■ **About this task**: The records that follow are to be repeated exactly, in full.

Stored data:

■ ■ ■ ■

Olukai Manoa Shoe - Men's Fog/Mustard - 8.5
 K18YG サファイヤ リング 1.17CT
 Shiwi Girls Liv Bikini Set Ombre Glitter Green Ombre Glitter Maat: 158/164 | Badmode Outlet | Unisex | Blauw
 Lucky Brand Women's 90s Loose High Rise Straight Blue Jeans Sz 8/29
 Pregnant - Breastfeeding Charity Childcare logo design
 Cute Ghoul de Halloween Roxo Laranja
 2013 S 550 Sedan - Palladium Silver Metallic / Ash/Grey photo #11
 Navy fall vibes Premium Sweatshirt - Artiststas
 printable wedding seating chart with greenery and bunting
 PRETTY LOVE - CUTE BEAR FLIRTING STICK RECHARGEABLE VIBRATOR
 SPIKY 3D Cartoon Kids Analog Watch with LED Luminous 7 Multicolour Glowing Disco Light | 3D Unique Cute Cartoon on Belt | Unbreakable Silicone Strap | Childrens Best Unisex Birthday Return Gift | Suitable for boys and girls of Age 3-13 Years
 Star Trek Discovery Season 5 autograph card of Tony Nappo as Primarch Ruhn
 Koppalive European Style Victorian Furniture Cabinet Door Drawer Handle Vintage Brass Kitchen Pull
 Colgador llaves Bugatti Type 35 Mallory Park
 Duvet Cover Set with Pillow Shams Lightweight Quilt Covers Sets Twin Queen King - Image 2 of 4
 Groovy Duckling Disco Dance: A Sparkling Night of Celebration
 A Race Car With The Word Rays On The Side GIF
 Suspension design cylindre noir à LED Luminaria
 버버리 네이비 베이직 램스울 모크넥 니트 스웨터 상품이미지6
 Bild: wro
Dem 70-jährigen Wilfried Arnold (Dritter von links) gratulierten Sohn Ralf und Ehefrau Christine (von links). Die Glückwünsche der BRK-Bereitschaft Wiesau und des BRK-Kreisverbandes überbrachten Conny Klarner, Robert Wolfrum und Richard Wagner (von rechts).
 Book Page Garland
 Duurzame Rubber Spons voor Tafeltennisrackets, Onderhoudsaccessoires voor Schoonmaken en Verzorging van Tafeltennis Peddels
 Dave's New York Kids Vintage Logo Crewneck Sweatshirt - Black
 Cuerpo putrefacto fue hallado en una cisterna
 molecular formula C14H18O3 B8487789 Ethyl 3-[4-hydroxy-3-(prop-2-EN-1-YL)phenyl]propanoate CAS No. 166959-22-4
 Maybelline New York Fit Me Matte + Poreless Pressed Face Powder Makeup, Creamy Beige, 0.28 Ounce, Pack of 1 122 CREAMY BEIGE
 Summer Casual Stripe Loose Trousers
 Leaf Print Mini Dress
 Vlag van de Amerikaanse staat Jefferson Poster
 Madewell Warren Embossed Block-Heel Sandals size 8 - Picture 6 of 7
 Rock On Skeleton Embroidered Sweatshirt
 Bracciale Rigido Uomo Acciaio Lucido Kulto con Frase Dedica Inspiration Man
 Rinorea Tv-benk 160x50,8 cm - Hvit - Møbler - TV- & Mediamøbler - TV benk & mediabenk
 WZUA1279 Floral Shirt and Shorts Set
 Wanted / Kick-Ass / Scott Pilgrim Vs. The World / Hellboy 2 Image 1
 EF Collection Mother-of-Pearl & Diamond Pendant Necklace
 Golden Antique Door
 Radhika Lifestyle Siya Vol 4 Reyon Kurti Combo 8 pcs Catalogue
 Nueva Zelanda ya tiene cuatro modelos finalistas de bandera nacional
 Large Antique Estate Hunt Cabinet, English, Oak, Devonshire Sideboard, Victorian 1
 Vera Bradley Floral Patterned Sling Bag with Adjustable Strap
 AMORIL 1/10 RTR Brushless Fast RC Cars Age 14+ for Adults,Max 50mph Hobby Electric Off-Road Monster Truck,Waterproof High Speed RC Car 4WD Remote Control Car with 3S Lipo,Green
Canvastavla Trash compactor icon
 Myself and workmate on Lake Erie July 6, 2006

■ ■ ■ ■

■ **Expected answer**:
Olukai Manoa Shoe - Men's Fog/Mustard - 8.5
 K18YG サファイヤ リング 1.17CT
 Shiwi Girls Liv Bikini Set Ombre Glitter Green Ombre Glitter Maat: 158/164 | Badmode Outlet | Unisex | Blauw
 Lucky Brand Women's 90s Loose High Rise Straight Blue Jeans Sz 8/29
 Pregnant - Breastfeeding Charity Childcare logo design
 Cute Ghoul de Halloween Roxo Laranja
 2013 S 550 Sedan - Palladium Silver Metallic / Ash/Grey photo #11
 Navy fall vibes Premium Sweatshirt - Artiststas
 printable wedding seating chart with greenery and bunting
 PRETTY LOVE - CUTE BEAR FLIRTING STICK RECHARGEABLE VIBRATOR
 SPIKY 3D Cartoon Kids Analog Watch with LED Luminous 7 Multicolour Glowing Disco Light | 3D Unique Cute Cartoon on Belt | Unbreakable Silicone Strap | Childrens Best Unisex Birthday Return Gift | Suitable for boys and girls of Age 3-13 Years
 Star Trek Discovery Season 5 autograph card of Tony Nappo as Primarch Ruhn
 Koppalive European Style Victorian Furniture Cabinet Door Drawer Handle Vintage Brass Kitchen Pull
 Colgador llaves Bugatti Type 35 Mallory Park
 Duvet Cover Set with Pillow Shams Lightweight Quilt Covers Sets Twin Queen King - Image 2 of 4
 Groovy Duckling Disco Dance: A Sparkling Night of Celebration
 A Race Car With The Word Rays On The Side GIF
 Suspension design cylindre noir à LED Luminaria
 버버리 네이비 베이직 램스울 모크넥 니트 스웨터 상품이미지6
 Bild: wro
Dem 70-jährigen Wilfried Arnold (Dritter von links) gratulierten Sohn Ralf und Ehefrau Christine (von links). Die Glückwünsche der BRK-Bereitschaft Wiesau und des BRK-Kreisverbandes überbrachten Conny Klarner, Robert Wolfrum und Richard Wagner (von rechts).
 Book Page Garland
 Duurzame Rubber Spons voor Tafeltennisrackets, Onderhoudsaccessoires voor Schoonmaken en Verzorging van Tafeltennis Peddels
 Dave's New York Kids Vintage Logo Crewneck Sweatshirt - Black
 Cuerpo putrefacto fue hallado en una cisterna
 molecular formula C14H18O3 B8487789 Ethyl 3-[4-hydroxy-3-(prop-2-EN-1-YL)phenyl]propanoate CAS No. 166959-22-4
 Maybelline New York Fit Me Matte + Poreless Pressed Face Powder Makeup, Creamy Beige, 0.28 Ounce, Pack of 1 122 CREAMY BEIGE
 Summer Casual Stripe Loose Trousers
 Leaf Print Mini Dress
 Vlag van de Amerikaanse staat Jefferson Poster
 Madewell Warren Embossed Block-Heel Sandals size 8 - Picture 6 of 7
 Rock On Skeleton Embroidered Sweatshirt
 Bracciale Rigido Uomo Acciaio Lucido Kulto con Frase Dedica Inspiration Man
 Rinorea Tv-benk 160x50,8 cm - Hvit - Møbler - TV- & Mediamøbler - TV benk & mediabenk
 WZUA1279 Floral Shirt and Shorts Set
 Wanted / Kick-Ass / Scott Pilgrim Vs. The World / Hellboy 2 Image 1
 EF Collection Mother-of-Pearl & Diamond Pendant Necklace
 Golden Antique Door
 Radhika Lifestyle Siya Vol 4 Reyon Kurti Combo 8 pcs Catalogue
 Nueva Zelanda ya tiene cuatro modelos finalistas de bandera nacional
 Large Antique Estate Hunt Cabinet, English, Oak, Devonshire Sideboard, Victorian 1
 Vera Bradley Floral Patterned Sling Bag with Adjustable Strap
 AMORIL 1/10 RTR Brushless Fast RC Cars Age 14+ for Adults,Max 50mph Hobby Electric Off-Road Monster Truck,Waterproof High Speed RC Car 4WD Remote Control Car with 3S Lipo,Green
Canvastavla Trash compactor icon
 Myself and workmate on Lake Erie July 6, 2006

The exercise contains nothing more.